Late September, Canada’s natural resources minister Seamus O’Regan announced that Ottawa was providing $320 million in emergency funding to support workers and reduce carbon emissions.

It’s a lot of money, but not what the industry had hoped to hear. Husky had proposed that the federal and provincial governments buy an equity stake to restart the multibillion-dollar West White Rose extension project. Newfoundland and Labrador’s deputy premier and finance minister, Siobhan Coady, was quick to respond that the Province doesn’t have the money for that. On October 16, Minister O’Regan firmly quashed any remaining hopes for a federal buy-in, telling CBC news that a large equity position isn’t in the cards.


“Newfoundland and Labrador’s offshore oil and gas industry contributed more than $22 billion in royalties (to the end of 2019) and directly employed over 6,000 people (at the end of March 2020).

—October 15, 2020 News Release, Government of N.L.


The Province established an Oil and Gas Industry Recovery Task Force to determine how the $320 million should be spent.
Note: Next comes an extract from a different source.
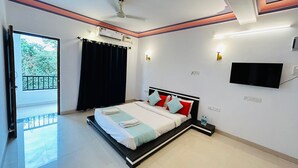 Deluxe Double Room, Balcony, Pool View - Aurelia Heaven Retreat (Arambol)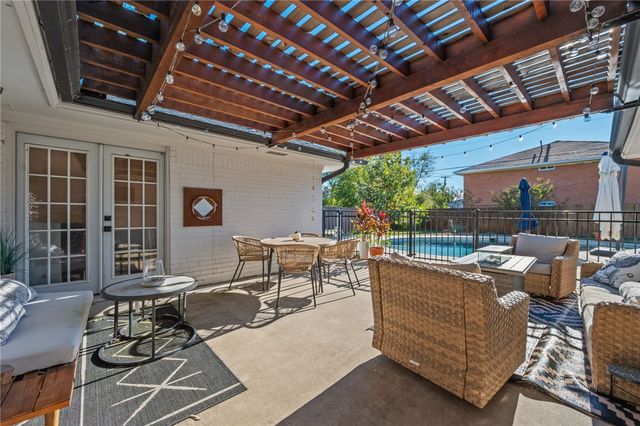 3700 Tanglewood Drive, Bryan, TX 77802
Announced on October 15, the 21-member volunteer Task Force was given 30 days to “submit recommendations for eligibility parameters and prioritization criteria”. They have 90 days to submit their recommendations for immediate action.

The best hope for the sector’s recovery? A rebound in the price of oil. Brent Crude, which peaked at $140 per barrel in April 2008, dropped to $23 in March. As of press time, it had climbed back up to $43 per barrel.